Many of us have learned to adjust our expectations to fit reality, but some people continue to hold onto these beliefs. I call them “rule books,” because we often think that people are doing something wrong when they break our rules. And we think we have a right to our rules, and that everyone should follow them. Let’s take a look at some of these rules you might have that can escalate your jealousy.
Rules about Others
- I shouldn’t trust others, since they will betray me.
- If someone disappoints me, I can never trust them again.
- I need to know everything about my partner in order to trust him or her.
- If my partner really loved me, he or she would never find anyone else interesting or attractive.
The Consequences of Your Rule Book
Do you think that you are insisting on some of these rules? What are the consequences for you and for your relationship if you demand that the world conform to this rule book? Let’s take a look at the idea that “I shouldn’t trust others, since they will betray me.” You might think that this rule protects you, and that you won’t be fooled, but the consequence of such global distrust is the inability to get close and stay close. You will always feel like you are on the outside of a relationship, and — if you find yourself getting close — you will look for signs of untrustworthiness. The fact is that people do let us down, but that doesn’t mean that having a close relationship is a waste of time.
Another rule is “If someone disappoints me in something, then I can never trust them again.” This is a perfectionistic rule about relationships which inevitably leads to flare-ups and breakups. A more realistic way of seeing things is that we all disappoint each other — and ourselves — at times. Relationships are not about always doing exactly the right thing. They are about hanging in there for the long haul. Friends disappoint each other, because people are fallible, but friendships can endure.
Another perfectionistic rule that will likely make you unhappy is, “I need to know everything about my partner in order to trust him or her.” Why do you need to know everything? This kind of confessional perfectionism leads you to interrogate your partner, distrust them, and ultimately drive them away. You need to decide what is really important for the relationship today, and what is not important. Do you really need to know about every behavior, fantasy, or experience that your partner ever had? If you have this belief, then you are probably finding yourself in the role of investigator and prosecutor, which will make you and your partner very unhappy. And by the way, don’t you have some secrets that you don’t share with your friends or your partner?
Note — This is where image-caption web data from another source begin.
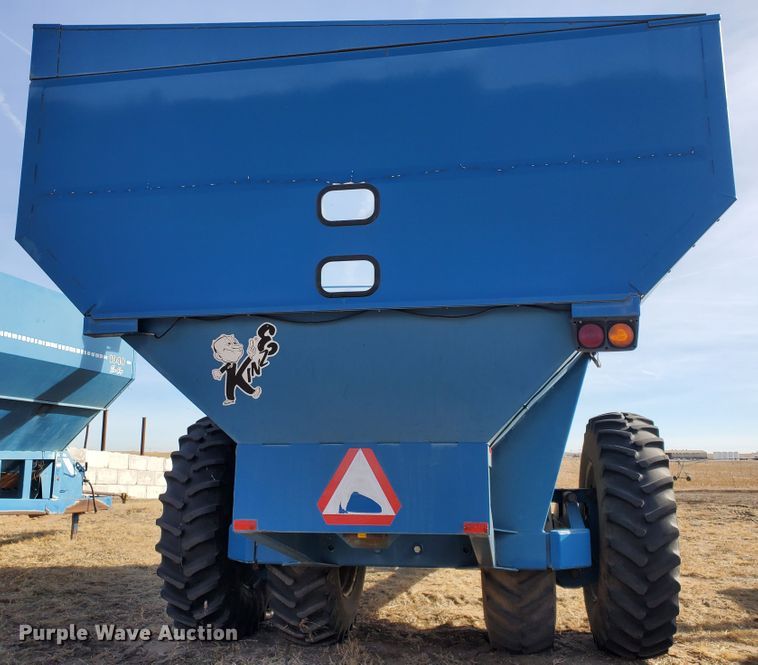 image for item DG8433 2005 Kinze 1040  Row Crop grain cart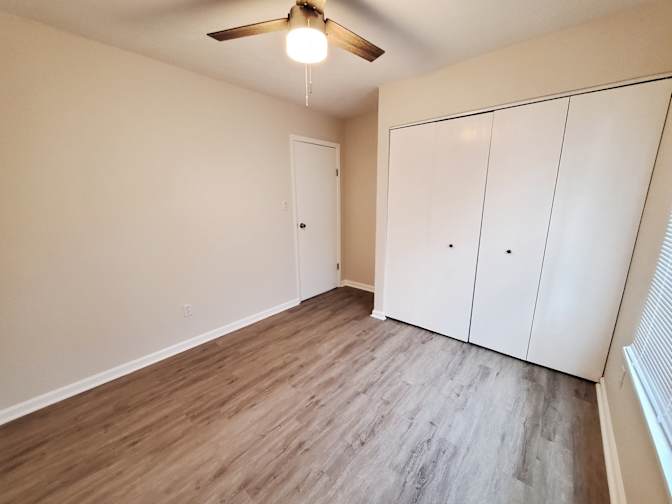 Alcove Rooms's room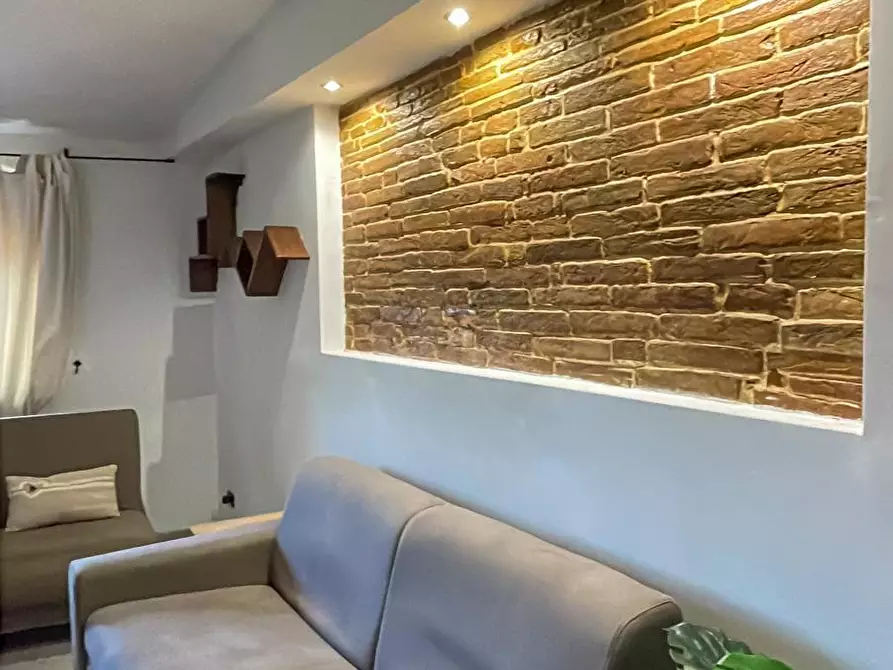 Immagine 21 di Trilocale in vendita  in Via Dell' Oriolino a Livorno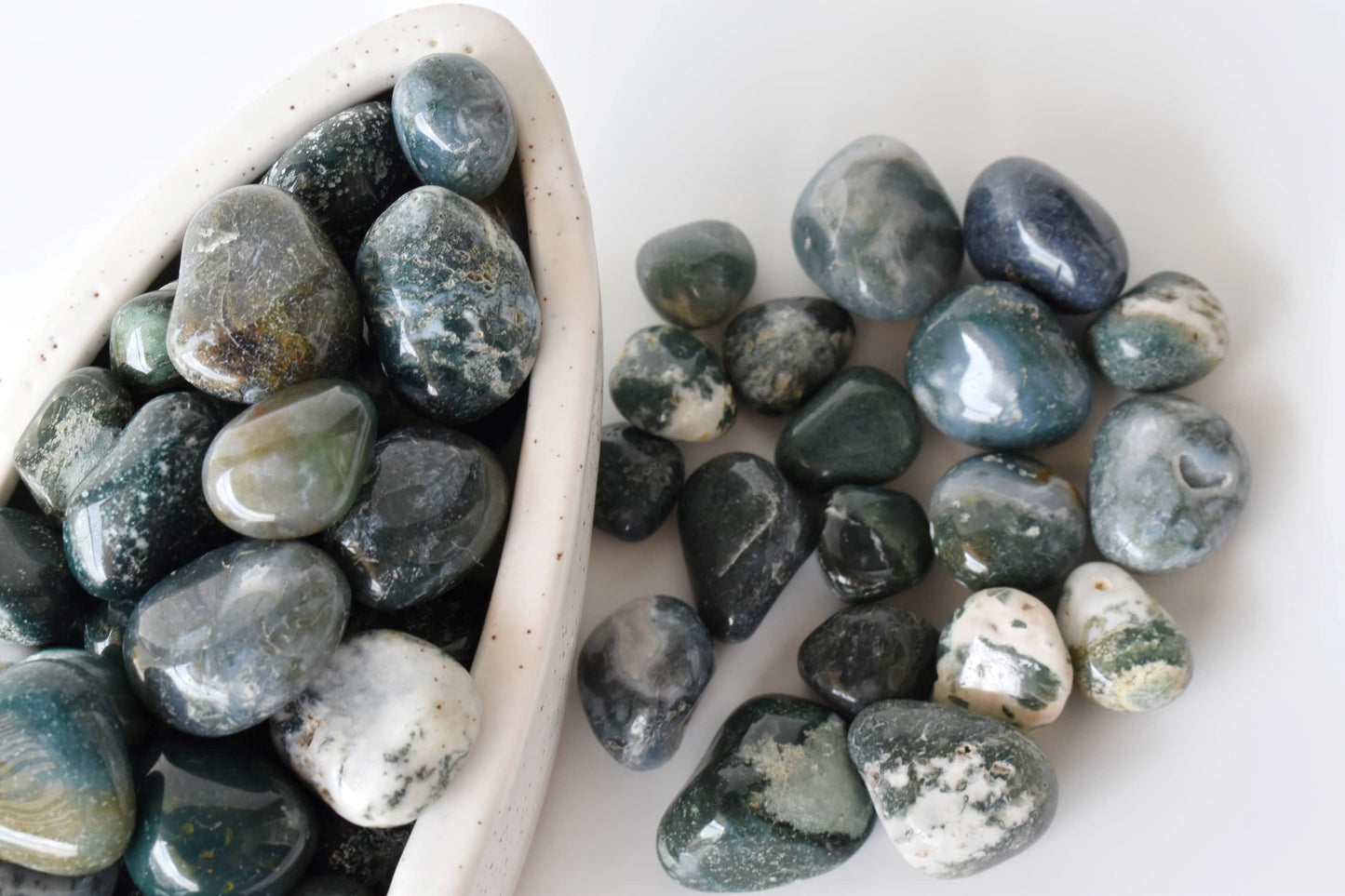 1Kg Moss Agate Tumbled Stones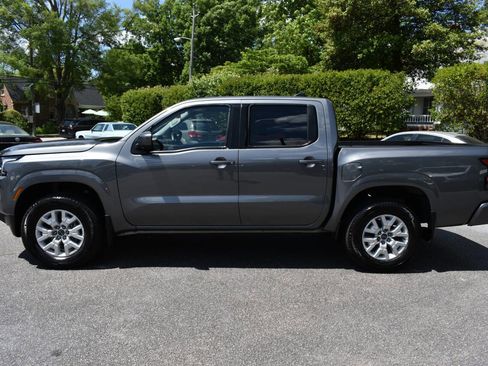 Used 2024 Nissan Frontier SV w/ SV Convenience Package AWD/4WD image 4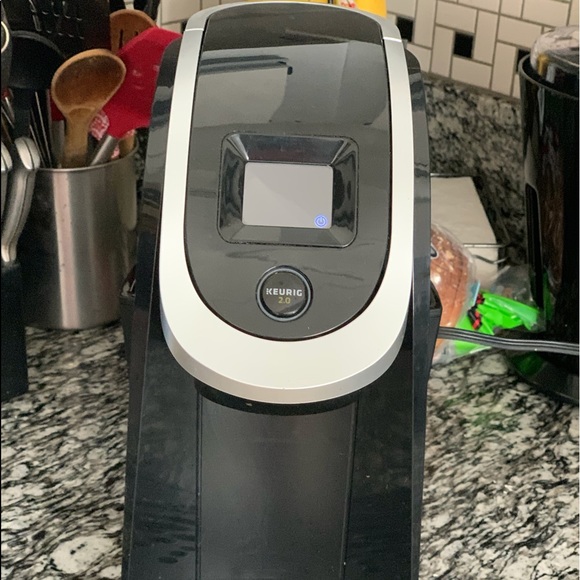 Keurig Coffee Maker - Older Model Works PERFECTLY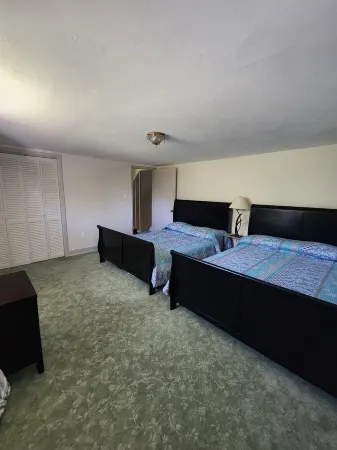 Elite historic Atherton estate centrally located and 2.4 miles from stadium. Отели в г. Фергюсон Тауншип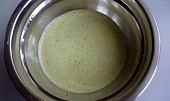 Kuřecí polévka se špenátovou zavářkou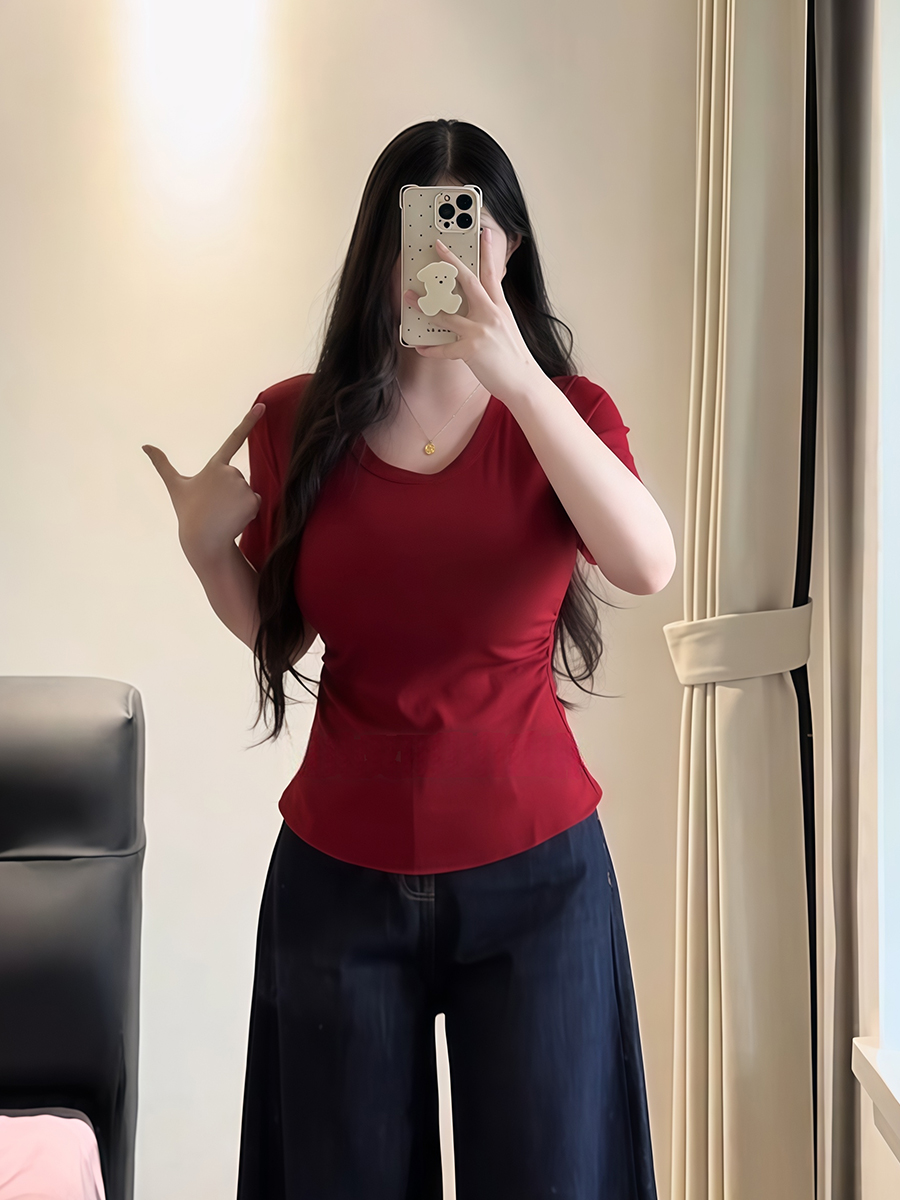 Plus-Size Women's U-Neck Curved Hem Short Sleeve T-Shirt - Summer Pleated Waist Design for a Slimming Effect - Flattering Fit for Curvy Figures Plus-Size Women's U-Neck Curved Hem Short Sleeve T-Shirt - Summer Pleated Waist Design for a Slimming Effect - Flattering Fit for Curvy Figures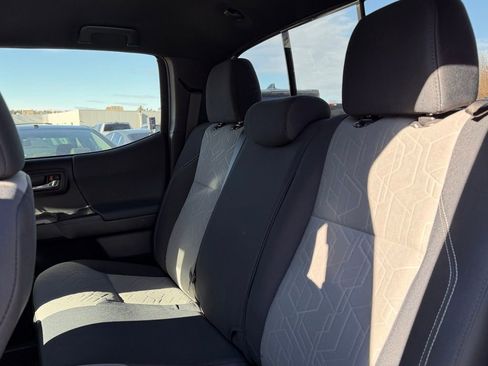 Used 2022 Toyota Tacoma TRD Off-Road image 5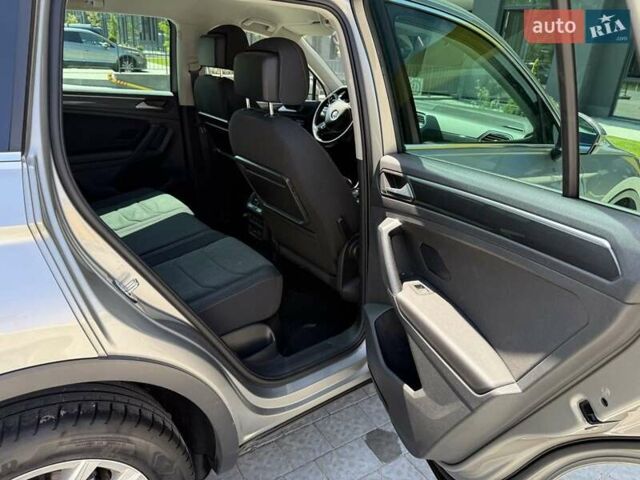 Серый Фольксваген Тигуан, объемом двигателя 1.98 л и пробегом 83 тыс. км за 25800 $, фото 11 на Automoto.ua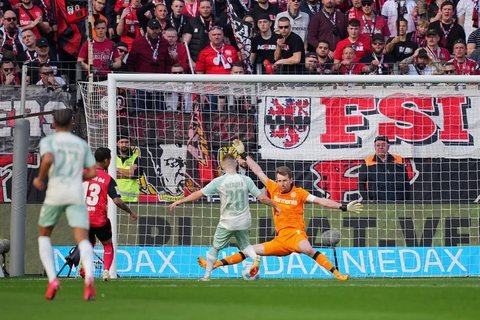 Werder Bremen with a deserved away win at Leverkusen.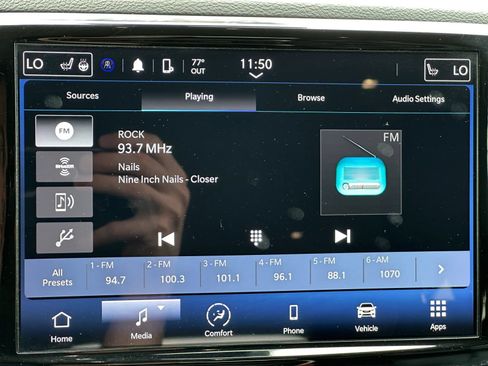 Used 2024 Chrysler Pacifica Touring-L FWD image 20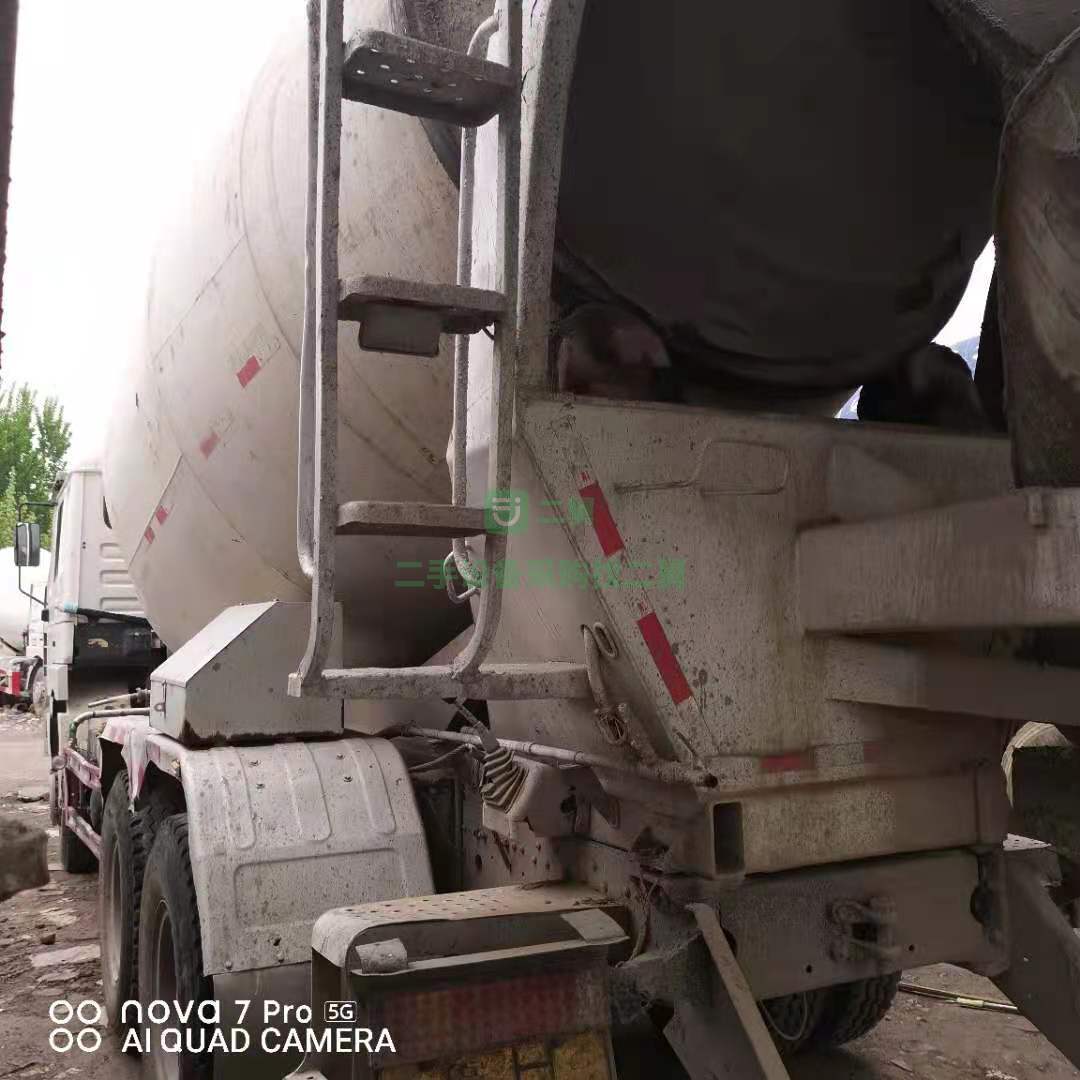 出售一臺13年德龍大12方攪拌車，濰柴發動機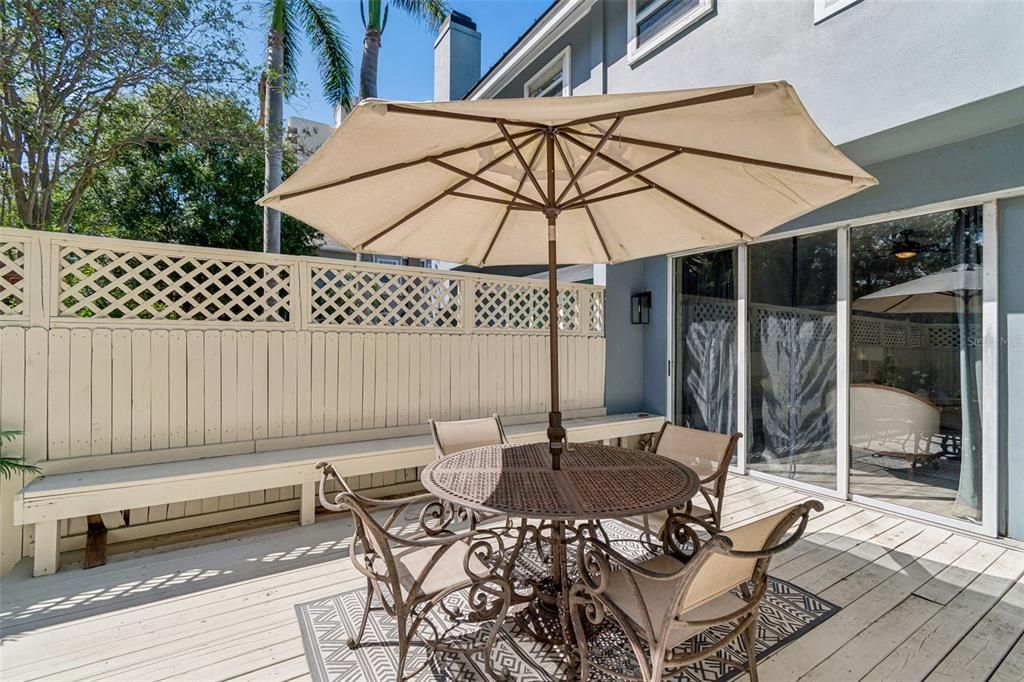 For Sale: $669,000 (3 beds, 3 baths, 2134 Square Feet)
Finally, this rule — “If my partner really loved me, he or she would never find anyone else interesting or attractive” — is about as unrealistic as you can get. With several billion people in the world, how does it make sense that your partner only finds you attractive? Don’t you find other people attractive? Are you leaving your partner because someone else is interesting or good-looking? Imagine if this held true for everyone. No one would stay very long. The issue is not whether other people are also attractive — the issue is what you and your partner do with that universal truth. You don’t have to be the most attractive person in the world to have a relationship. If that were true, there would only be one couple in the entire world.
Try to examine some of the rules that you have about relationships, and think about whether these rules contribute to your jealousy.